It's always said that Germany was the country with the most advanced rocket science in WWII, but it also seems that they weren't as successful in the practical applications. I've always been mystified by the Wurfgranate 21, those huge rockets often mislabelled as mortars underslung in large pipes under the wings of German airplanes. Despite their impressive size, they look so clumsy when compared to the rockets carried by a Typhoon or Sturmovik that one wonders why they didn't just copy them.
Well, I just came across this website,
http://www.tarrif.net/wwii/guides/a2g_rockets.htm
looking for the above rocket, and made some startling discoveries:
The site is poorly organized, you have to continue reading until the last page and you find a parent directory with scanned images from a paper
http://www.tarrif.net/wwii/img/manua..._rocket_study/
you have to download each page and view it on an image viewer to read it.
Summing it up:
-Rockets are horribly unaccurate weapons, in fact allied rockets sucked, and it was the Germans the ones that improved on the design with the R4M wich fortunately came too late.
-The myth of the Typhoon as a tank buster. In fact, fighter bomber contribution in Normandy was "interdiction" of roads rather than actual destruction. The real success was in destroying the truck transport rather than armored vehicles. Germans and Soviets realized rockets were no good and switched to cluster bombs.

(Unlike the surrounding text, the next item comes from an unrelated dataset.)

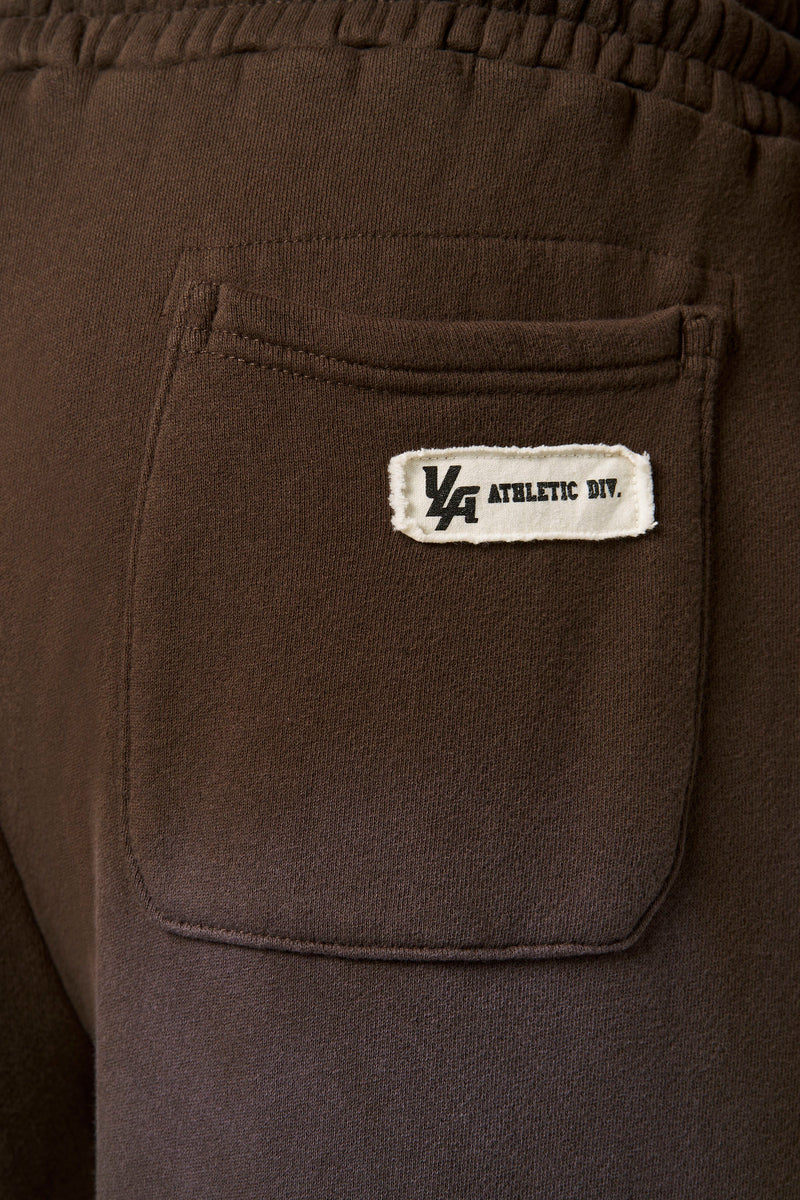 2105 - Arc Collection Joggers - Sweats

-Nothing could beat a Stuka in precision bombing. Even the late war Typhoons and Thunderbolts were unable of diving so steeply and bomb with such precision. The Stuka failure is that it was unable to defend itself and needed air supremacy to operate, but the concept was a valid one and the accuracy unmatched until modern guided bombs were developed. And the Ju87G was a much better tank buster than the Typhoon, probably the Henschel 129 as well.